» **Brief**:
Leave the pictures aside. Retype exactly the lines from the top of the data below through the one holding "Hot Wheels Premium".

═══ Dataset extract ═══

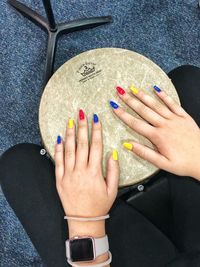 Close-up of woman hand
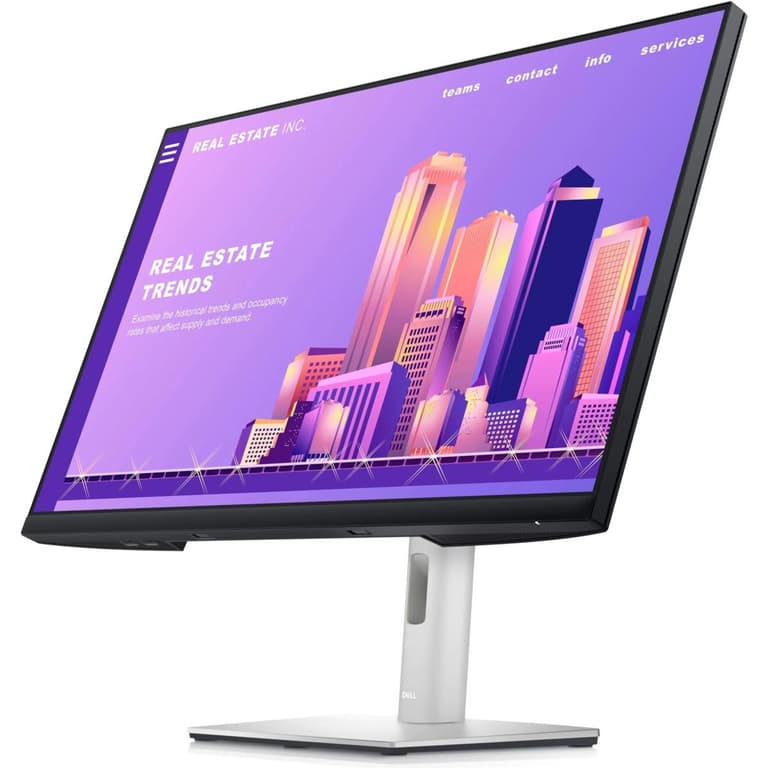 Dell S2721D 27" IPS 2K Ultra-Thin Bezel AMD FreeSync Built in Speakers HDMI & DisplayPort VESA Certified - Silver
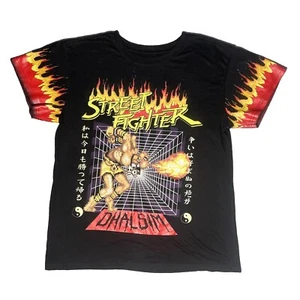 T-shirt uomo Street Fighter Dhalsim nera media - Foto 1 di 6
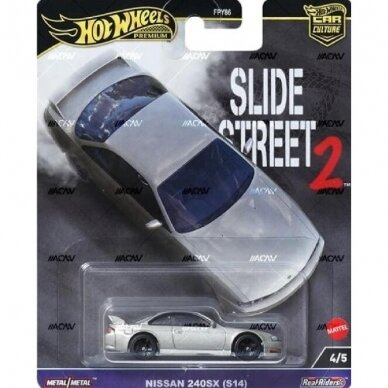 Hot Wheels Premium Slide Street 2 2024 Modeliukas Nissan 240SX S14, 4/5 (yra Sandėlyje)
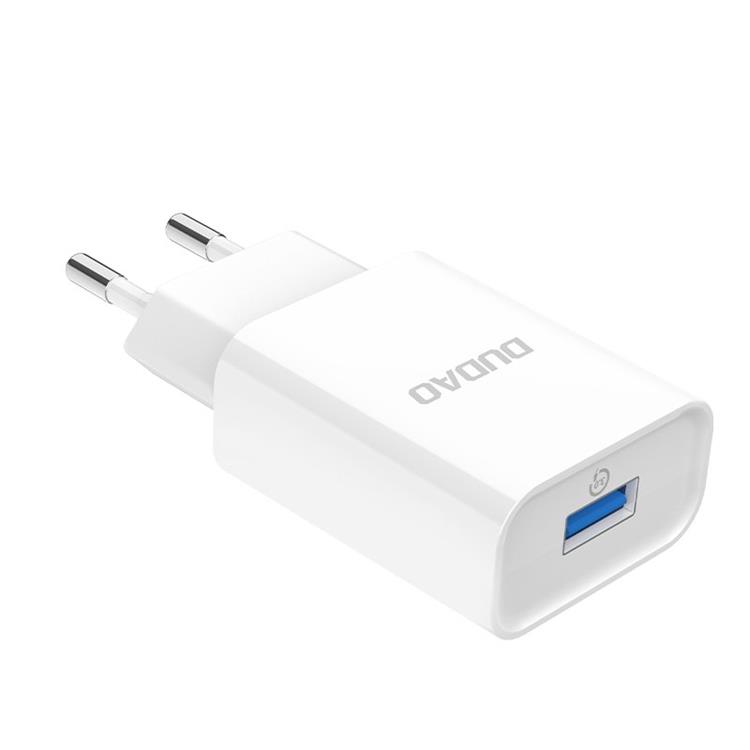 Dudao - Dudao EU Home Travel Väggladdare USB 5V/2.4A - Vit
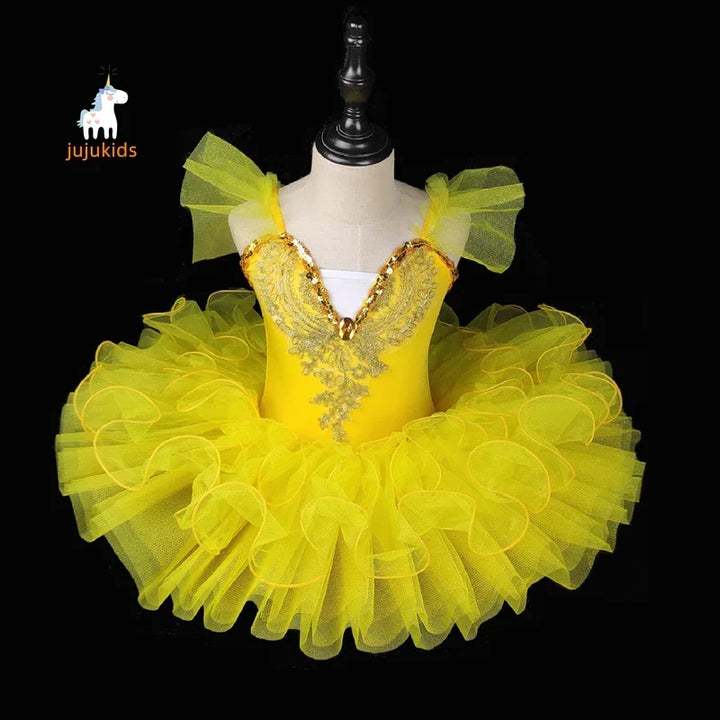 Lightweight girls ballet tutu - pancake-style, polyester, for recital performances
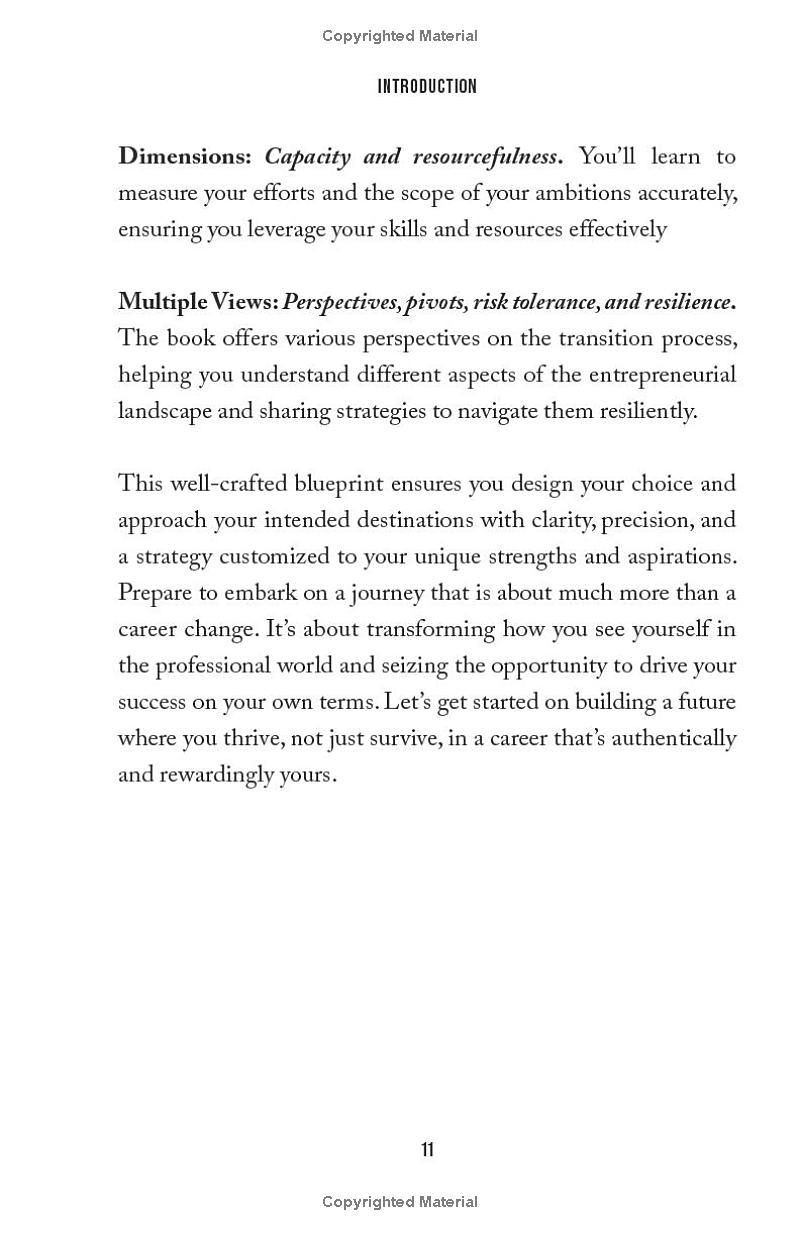 Choice Destinations: The Blueprint Shifting Leading Managers and Top Executives from Corporate Surviving to Entrepreneurial Thriving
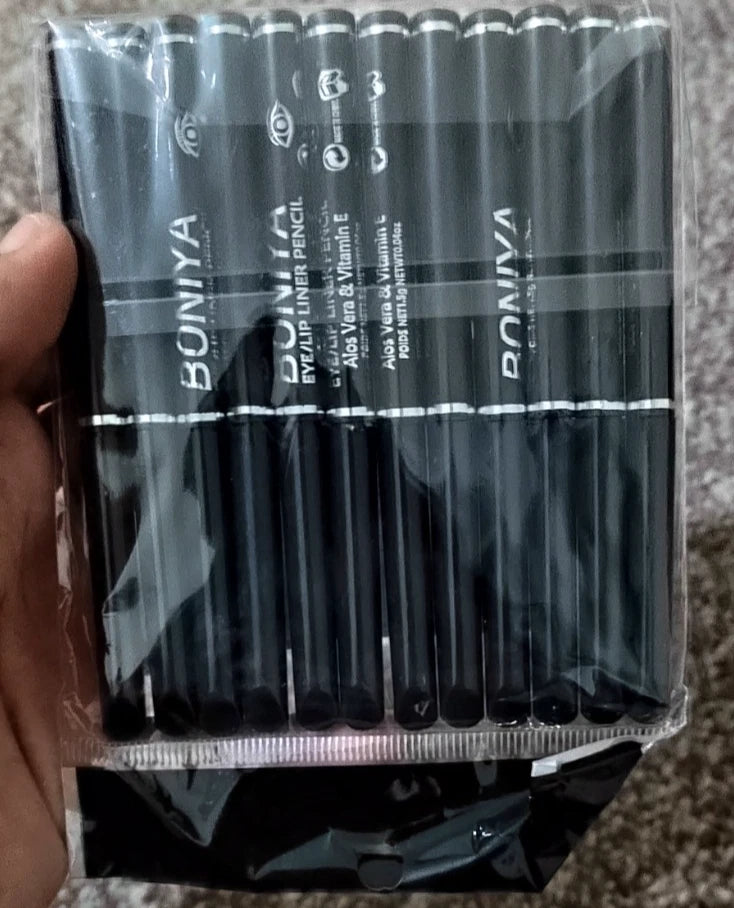 12x Black Liquid Eyeliner Pens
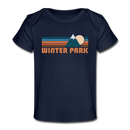 Winter Park, Colorado Baby T-Shirt - Organic Retro Mountain Winter Park Infant T-Shirt - dark navy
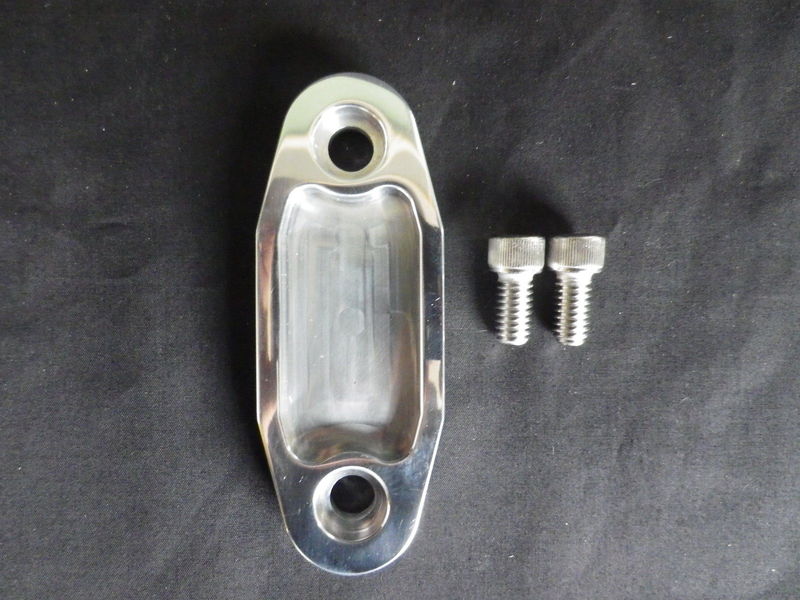 CLEVELAND FUEL PUMP BLOCK OFF PLATE BILLET ALUMINIUM POLISHED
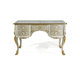 free-standing desk / classic / solid wood / straight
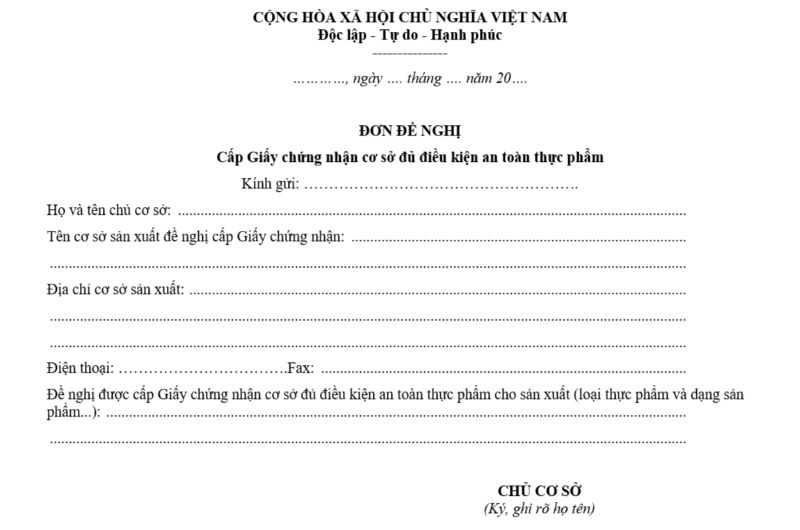 Hồ sơ cần chuẩn bị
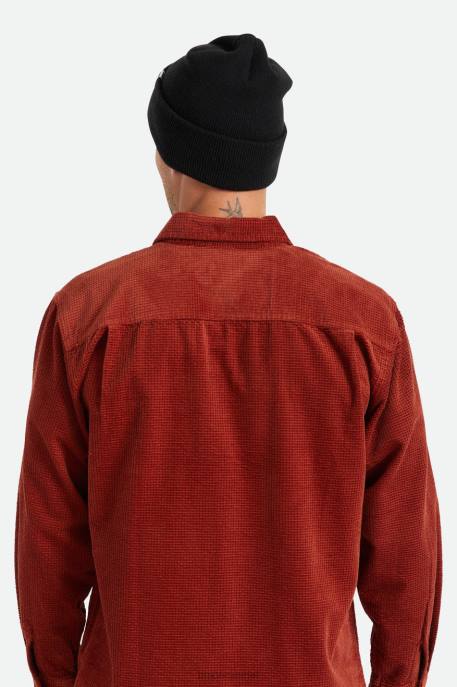 Men Brixton Black Harbor Beta Watch Cap Beanie Accessories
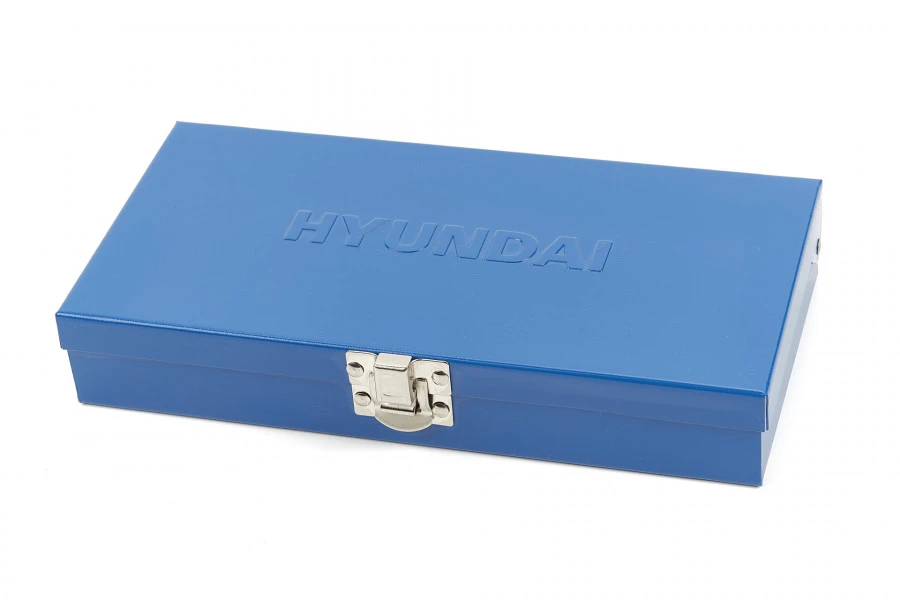 Hyundai 20 Delige 1/4" Dopsleutel Set CrV 6 Hyundai 20 Delige 1/4" Dopsleutel Set CrV - Afbeelding 4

═══

» **Result**:
 Close-up of woman hand
 Dell S2721D 27" IPS 2K Ultra-Thin Bezel AMD FreeSync Built in Speakers HDMI & DisplayPort VESA Certified - Silver
 T-shirt uomo Street Fighter Dhalsim nera media - Foto 1 di 6
 Hot Wheels Premium Slide Street 2 2024 Modeliukas Nissan 240SX S14, 4/5 (yra Sandėlyje)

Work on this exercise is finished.